From a graphic point of view, you use animal bestiary to represent some characters. Why and what does it bring to your strips?

Børge, the closest friend of JensK, is a fish. They have a crow in the office (Peter), but apart from that, there are mostly humans. Except for pets, of course, animals like Brego, who also speak. Since the strip format is so short, it’s well suited for «short-cuts» and absurdities. You have to get the point through as effectively as possible, sometimes that means animals (and objects) need to be able to speak. Why the friend Børge turned into a fish is more a … mystery. It happened when I moved from Oslo to Tromsø (a small city in the far north in Norway) where the whole society is more or less built on fish.

Your strips are funny but also touching and poetic. Which emotion is more difficult to reach when you create a strip ?

It’s pretty intuitive, I guess, I can’t say I’m aiming for a certain emotion. If the idea touches a nerve, I go for it, it doesn’t matter if it’s a slapstick or a melancholy theme. There’s not much calculation involved in making Dunce, it’s a personal expression, much like a … fictionalized diary.

As a reader, which series of strips have marked you and why?

I’ve mentioned my favourites in the strip-category, Peanuts, Calvin and Hobbes, Cul de Sac and Pogo. When it comes to other comics, I try to take my job as a comic creator as seriously as possible by reading all kinds of stuff. If there is one genre I don’t understand, I can take a dive into it and try to get hooked. If people I trust recommend something, I often give it a chance, because you can always learn something. I guess the comics I end up loving must have the right combination of visual appeal and good storytelling. I can’t enjoy something if it’s only strong on just one of those two.

When we read the strips where Gustav and his friend are present, a strong smell of Calvin and Hobbes came to our mind. Is it a series that influences your work?

Bill Watterson’s Calvin and Hobbes is important to me, no doubt, but if you read old Peanuts strips you will notice how important that strip has been to Calvin and Hobbes. In that way, you can say I’m learning more from the «source» that is Charles Schulz.

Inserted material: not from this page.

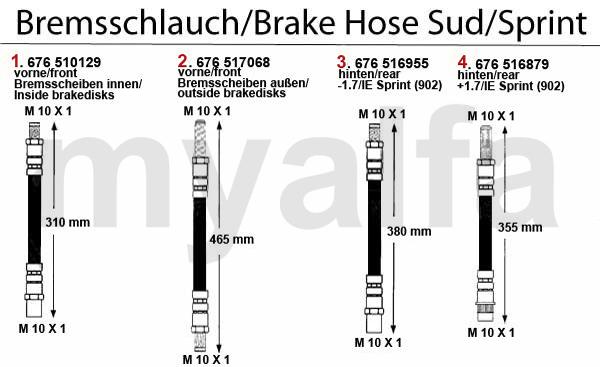 1 67610129 Bremsschlauch vorne Sud/Sprint, alle mit innenliegenden Bremsscheiben 21,30 CHF 2 67617068 Bremsschlauch vorne 33 (905/7) 1.7 ie /16V 4x4 bj.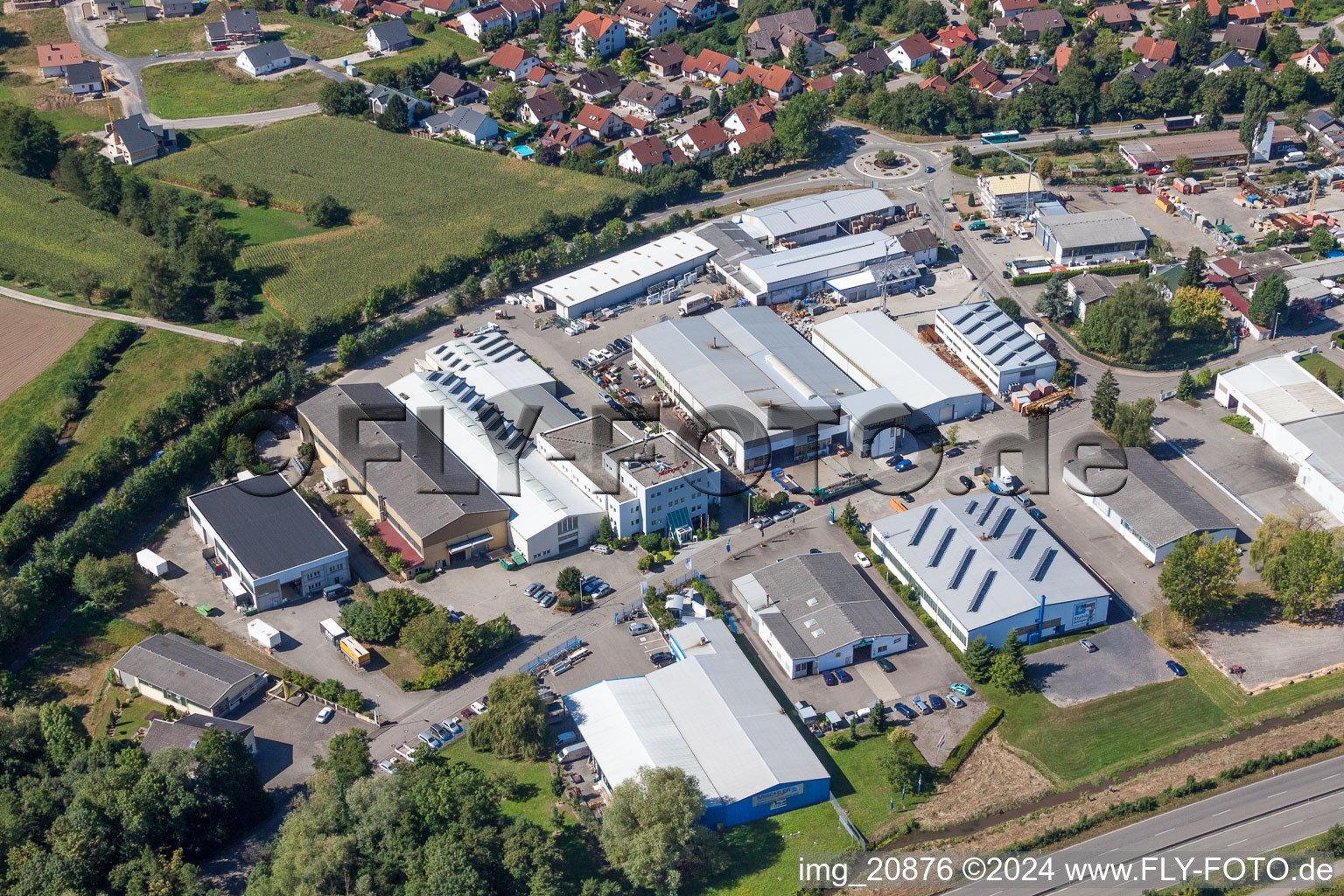 Industrial and commercial area Carl-Benz-Strasse in Willstaett in the state Baden-Wurttemberg, Germany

Is Norway a country of comics? What kind of comics are your compatriots fond of?

Yes, Norway has quite a lot of good comic artists, both in newspaper-strips and in longer form. There’s a handful of artists making a living from newspaper-strips, the rest are making longer stuff. There are actually zero other comic artists in the city where I live (Tromsø). I often miss the social aspect of being a comic artist in Oslo or Bergen, but I guess it can be an advantage too, living on a «desert island» up here.

Are you working on other projects besides Dunce? 

I did a fantasy-comic last year called SideQuest. It’s a 120 page book about four amateur adventurers who dream of going on legendary quests. The book was a cooperation project where I did the inking. I’ve done other work, like illustrations, design work, comics translations, I even wrote two novels, but these days I focus more and more energy on getting the Dunce-strips as good as I can.

What comics are you currently reading? Any favorite ones ?

Right now I’m reading Jeff Smith’s Bone again from start. I just read the new books from Adrian Tomine and Andy Watson plus Giant Days by John Allison. I also read whatever I can find from artists like Gipi (Italy), Blutch (France) and Mawil (Germany). I liked the manga The Girl From the Other Side, and I’ve started reading 20th Century Boys plus Sunny.

Interview made by email exchange. Thanks to Jens K Styve for his availability and his kindness.